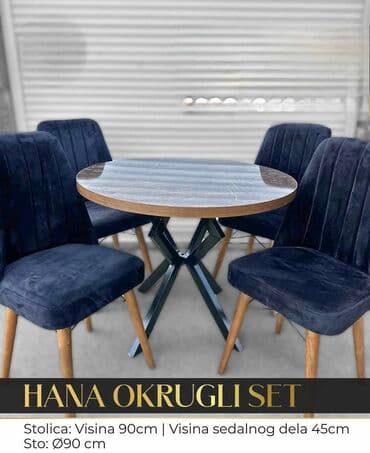 ikea sto i stolice za decu: 05. setovi
270e — 8
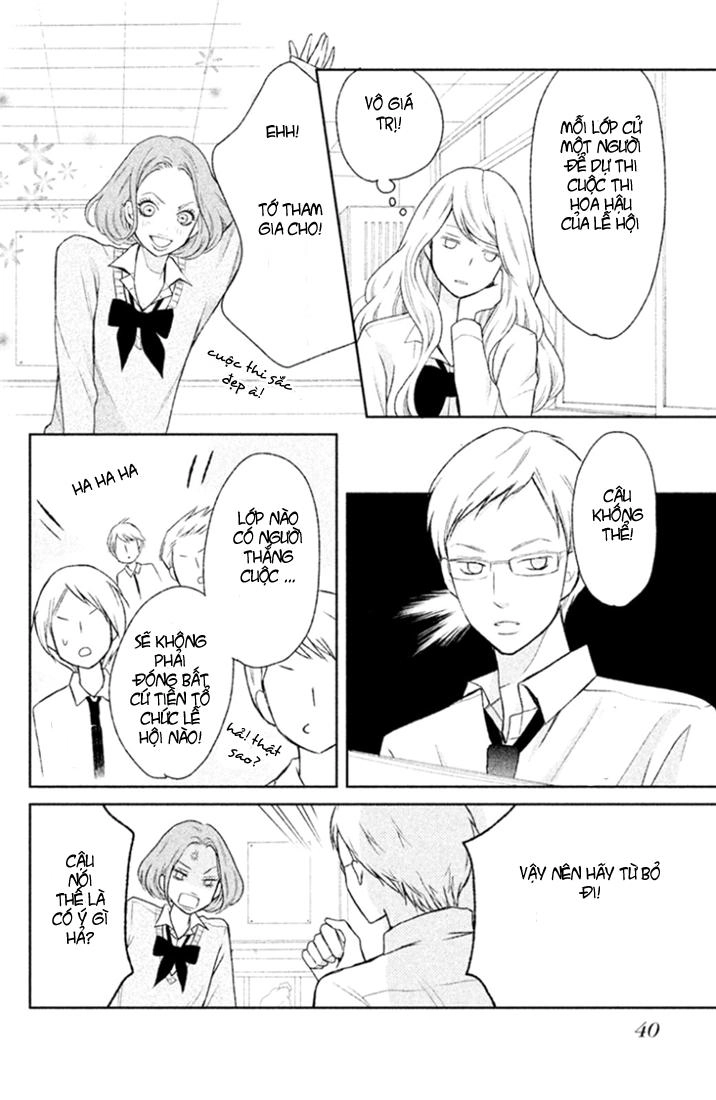 Bạn Gái 3D Chapter 24 - 37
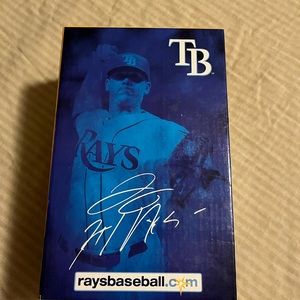 James shields bobble head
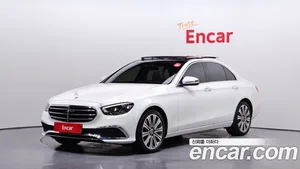 Mercedes-Benz E-Class, 2021 — миниатюра 1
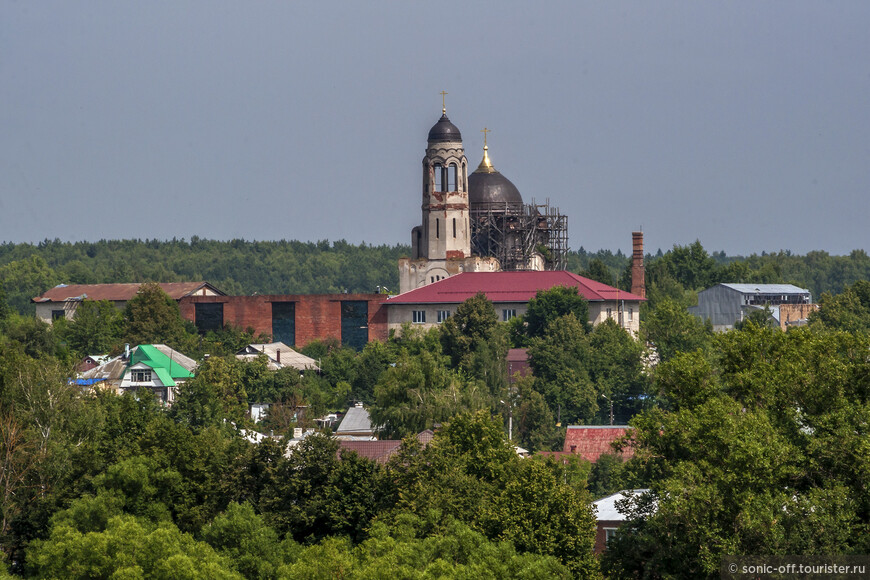 Боровск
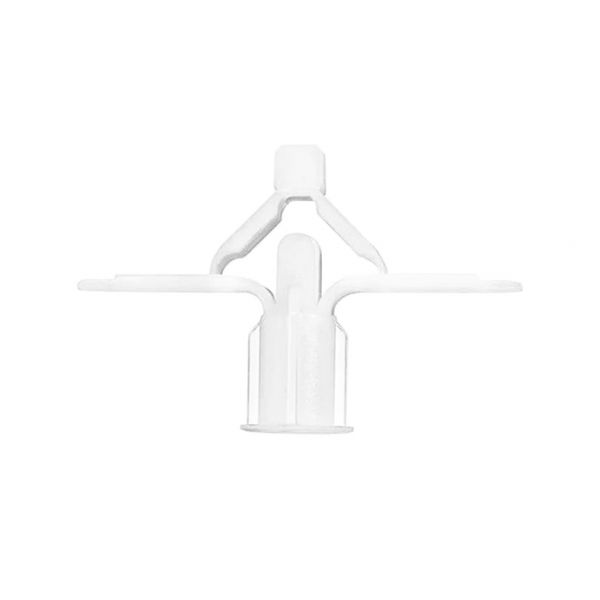 Bucha Plastica P/Gesso Gdp1 250Pcs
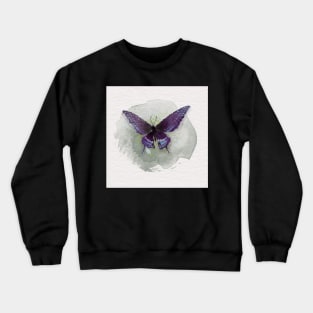 Butterfly Crewneck Sweatshirt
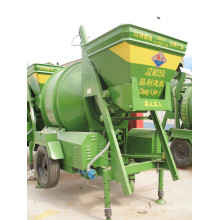 Portable Electric Concrete Mixer Equipment (JZM350)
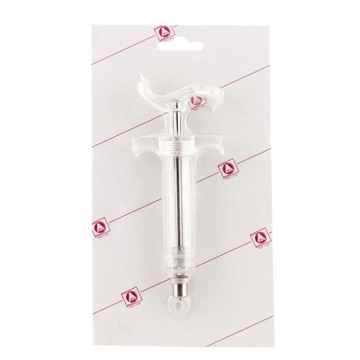 Picture of EUROPLEX PLASTIC SYRINGE - 10ml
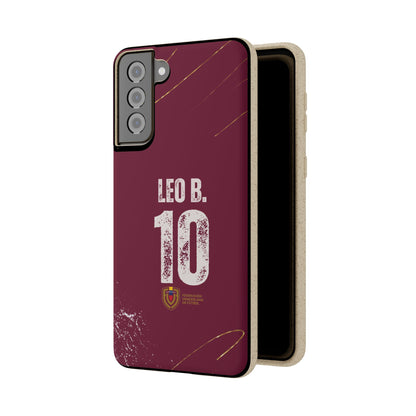 Funda Biodegradable | La Vinotinto | iPhone y Samsung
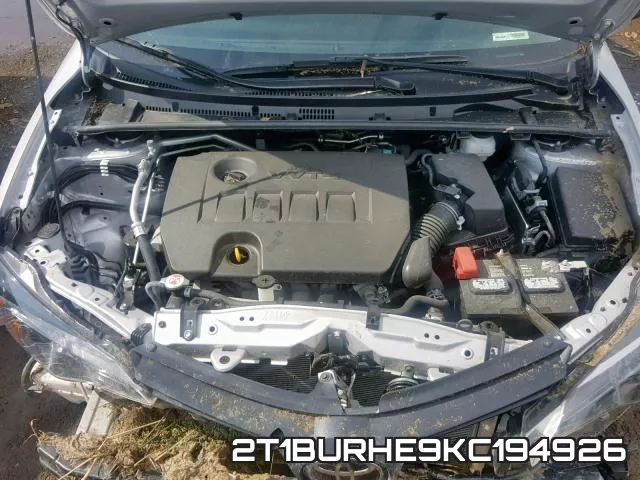 2T1BURHE9KC194926 фото 7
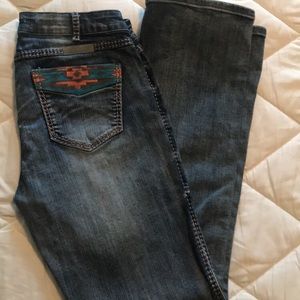 Cowgirl Tuff jeans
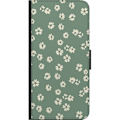 Miniatyrbild 3 av 3: Huawei P smart Plånboksfodral Blomsterdröm – färgglatt bl
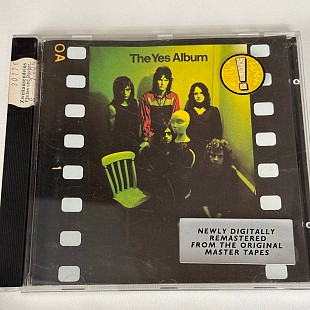 Yes — The Yes Album (1994) Germany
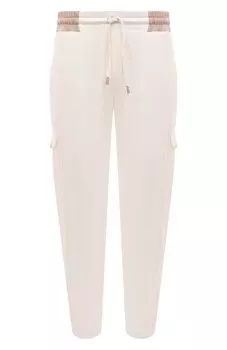 Хлопковые джоггеры Andrea Campagna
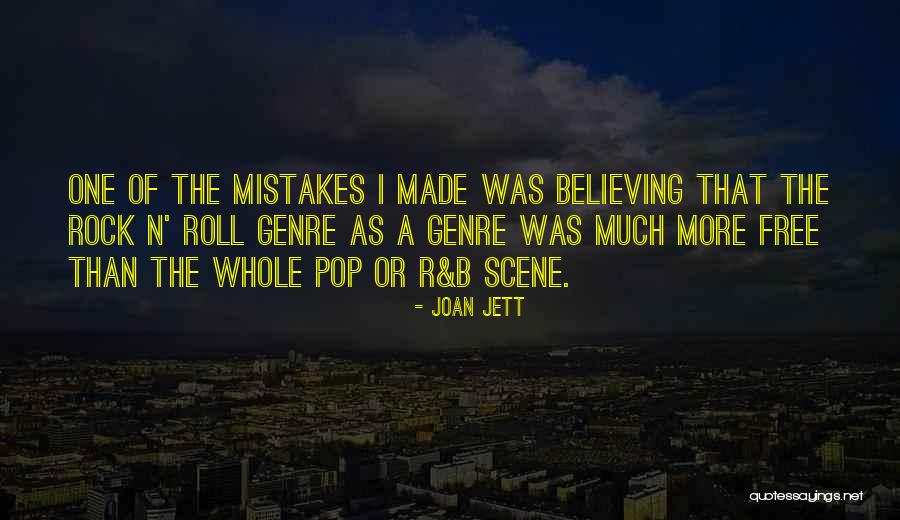 Studeren Frans Quotes By Joan Jett Studeren Frans Quotes By Joan Jett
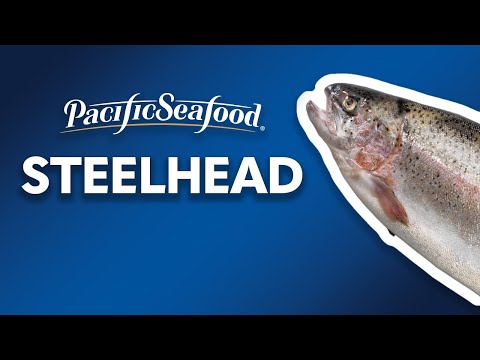 Pacific Seafood Steelhead Farm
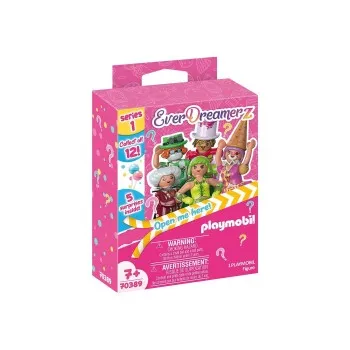 PLAYMOBIL EVERDREAMERZ SURPRISE BOX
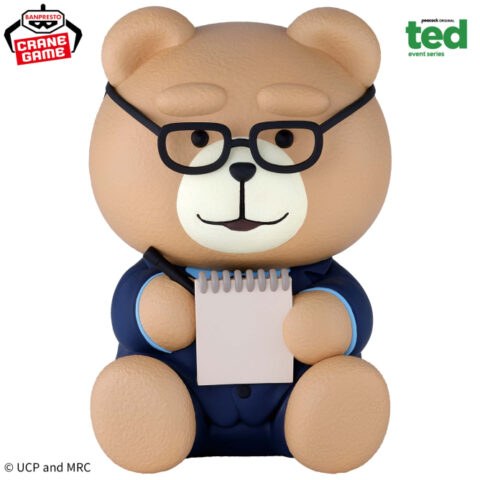 『ted event series』 おおきなSOFVIMATES～テッド～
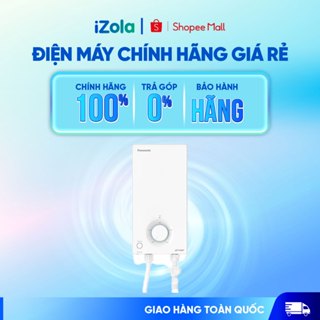 DH-3VP1VW - Máy nước nóng trực tiếp Panasonic DH-3VP1VW - Hàng chính hãng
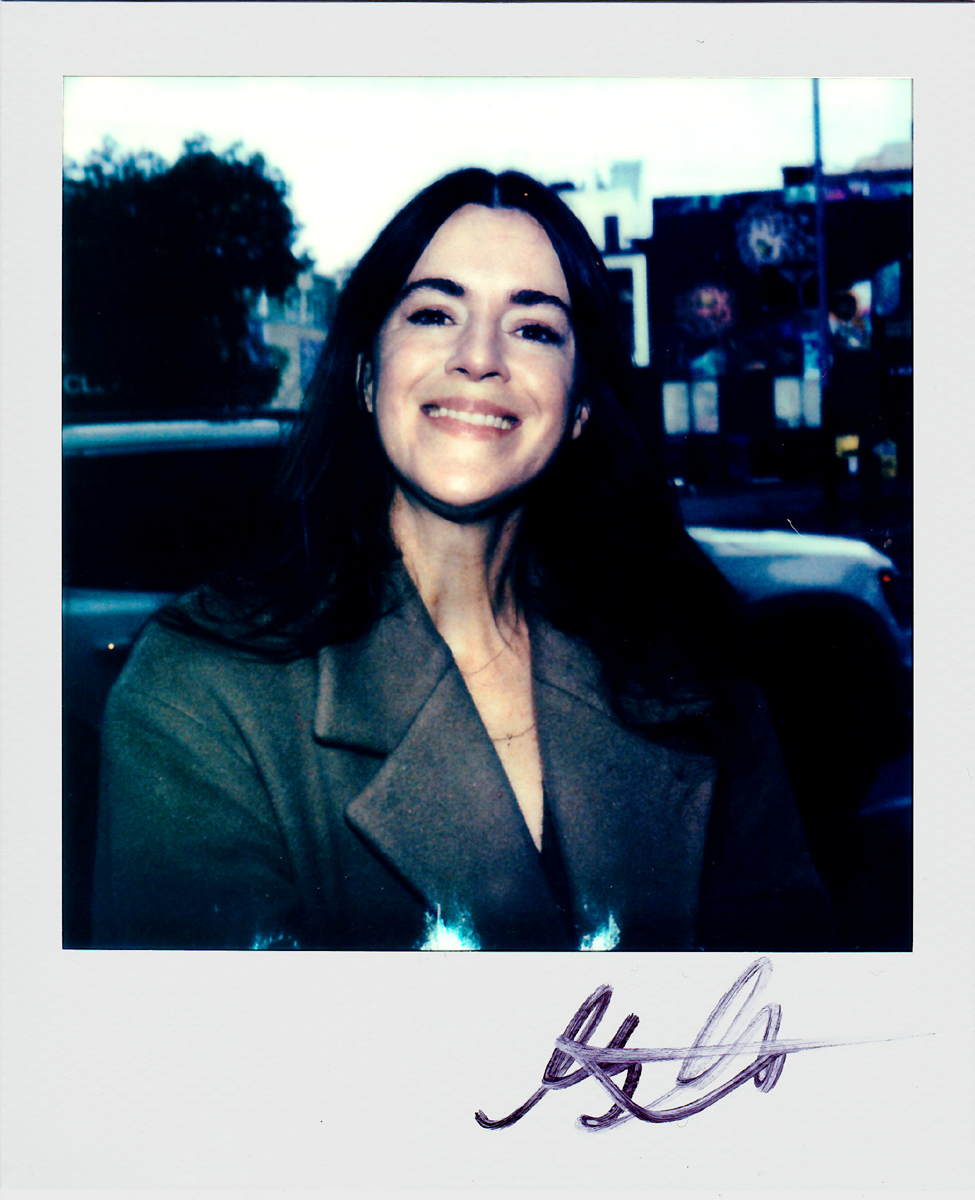 Portroids: Portroid of Mary Holland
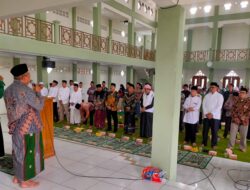 Forum Muroby Pagerageung Gelar Peringatan Maulid Nabi Muhammad SAW, Ketua KH. Endang: Jadi Wadah Menyamakan Visi-Misi Ulama Serta Umaro Dalam Membangun Sinergi Umat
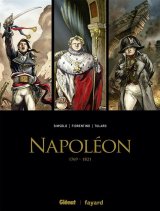 NAPOLEON – COFFRET TOMES 01 A 03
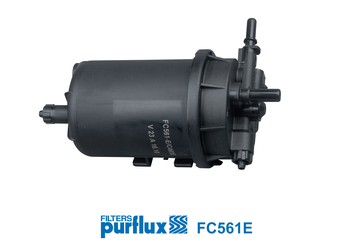 PURFLUX FC561E Housing, fuel filter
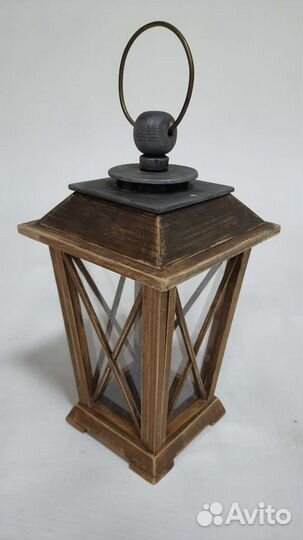 Светильник фонарь декоративный пиратский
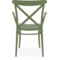 Krzesło Siesta Cross XL Olive Green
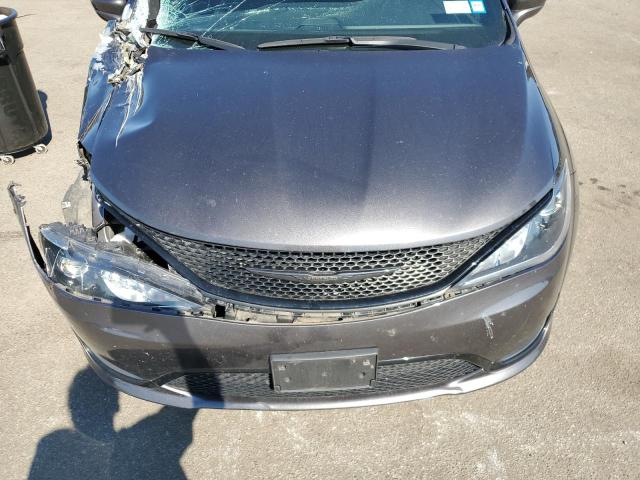 Photo 12 from auction – 2020 CHRYSLER PACIFICA T with VIN 2C4RC1FGXLR149440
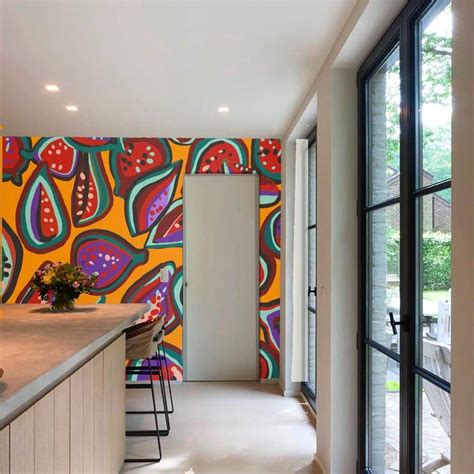 40 Stunning Kitchen Accent Wall Ideas for Any Design Style - Unique ...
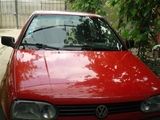 VW Golf 3  16 inmatriculat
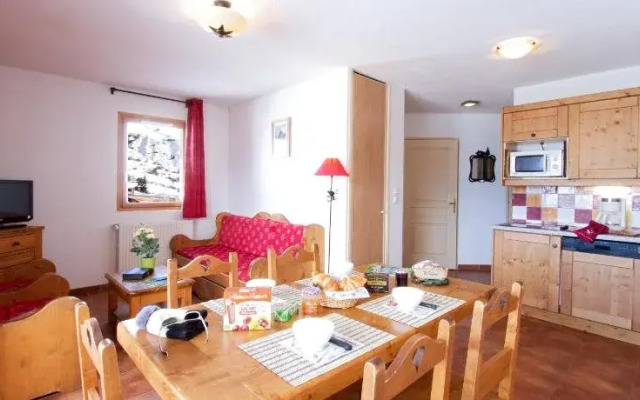 Residence Odalys Rochebrune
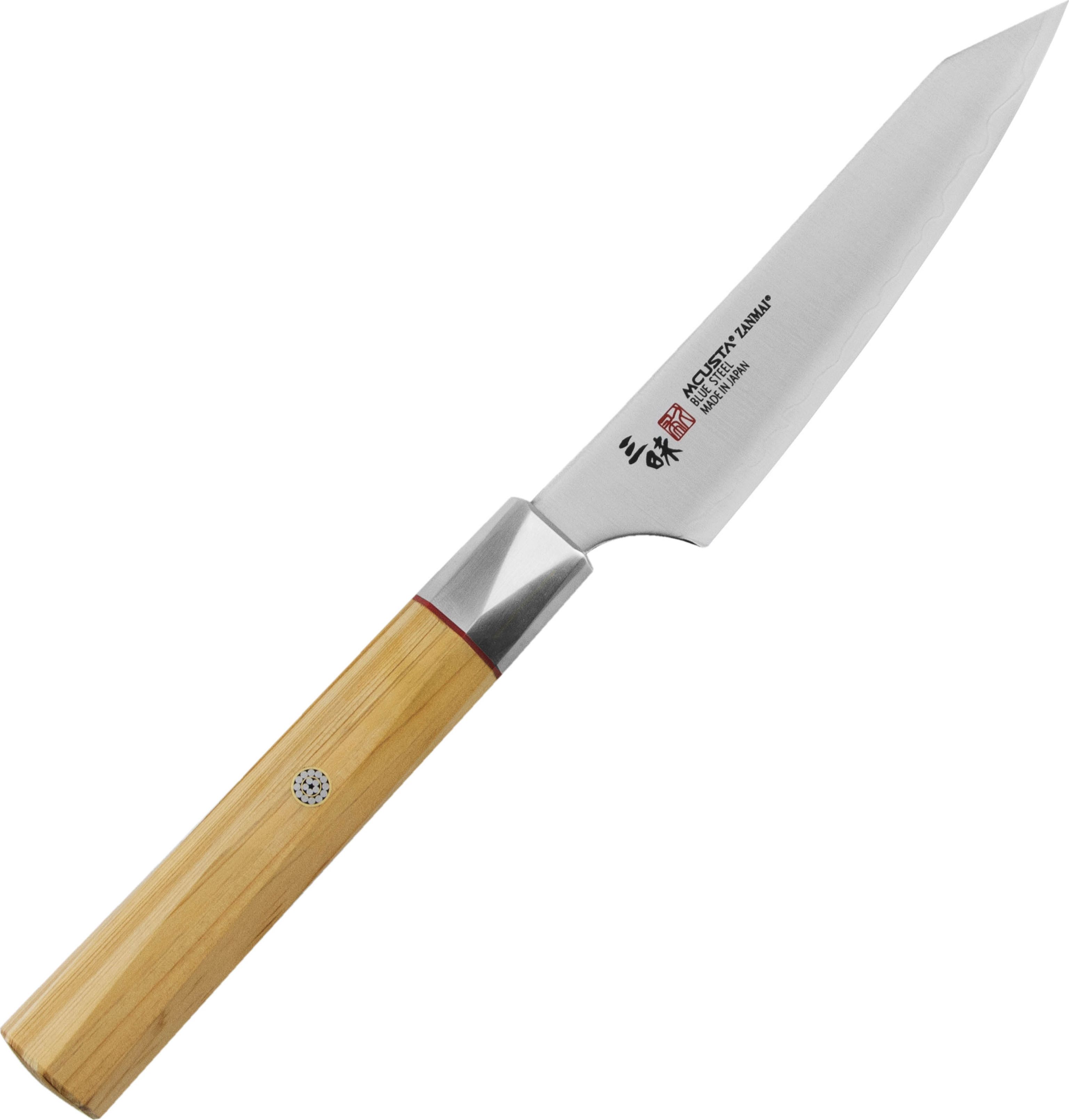 Mcusta Mcusta Zanmai Beyond Aogami Super Nóż uniwersalny 11cm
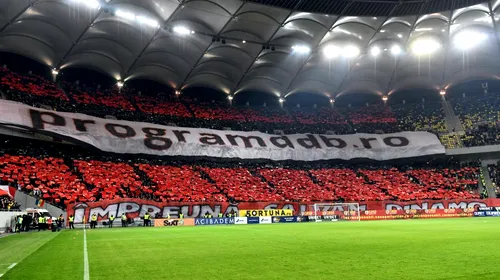 Dinamo trebuie să găsească 863.000 de euro în 36 de zile ca să rămână în Liga 1! Fanii din „Ștefan cel Mare”, apel disperat pe rețelele sociale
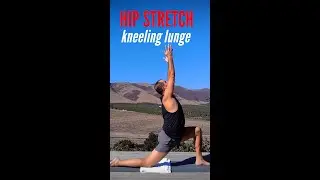 DEEP Hip Stretch: Yoga For Men #yogaformen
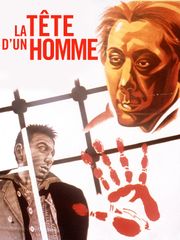 La tête d'un homme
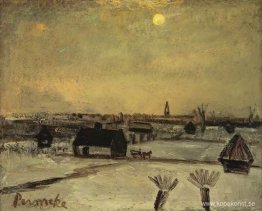 Hiver en Flandre (vinter i Flandern)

==*==

* _Required action_:
Give back the exact lines above, running from the one that has "Butterfly Crewneck Sweatshirt" through the one that has "Krzesło Siesta Cross XL Olive Green", with nothing added and no pictures.

* _Exercise response_:
 Butterfly Crewneck Sweatshirt
 Portable Electric Concrete Mixer Equipment (JZM350)
 Picture of EUROPLEX PLASTIC SYRINGE - 10ml
 Funda Biodegradable | La Vinotinto | iPhone y Samsung
 2T1BURHE9KC194926 фото 7
 Cowgirl Tuff jeans
 Miniatyrbild 3 av 3: Huawei P smart Plånboksfodral Blomsterdröm – färgglatt bl
 Yes — The Yes Album (1994) Germany
 Хлопковые джоггеры Andrea Campagna
 Studeren Frans Quotes By Joan Jett Studeren Frans Quotes By Joan Jett
 Pacific Seafood Steelhead Farm
 PLAYMOBIL EVERDREAMERZ SURPRISE BOX
 『ted event series』 おおきなSOFVIMATES～テッド～
 DH-3VP1VW - Máy nước nóng trực tiếp Panasonic DH-3VP1VW - Hàng chính hãng
 Portroids: Portroid of Mary Holland
 Forum Muroby Pagerageung Gelar Peringatan Maulid Nabi Muhammad SAW, Ketua KH. Endang: Jadi Wadah Menyamakan Visi-Misi Ulama Serta Umaro Dalam Membangun Sinergi Umat
 NAPOLEON – COFFRET TOMES 01 A 03
 PURFLUX FC561E Housing, fuel filter
 Светильник фонарь декоративный пиратский
 Krzesło Siesta Cross XL Olive Green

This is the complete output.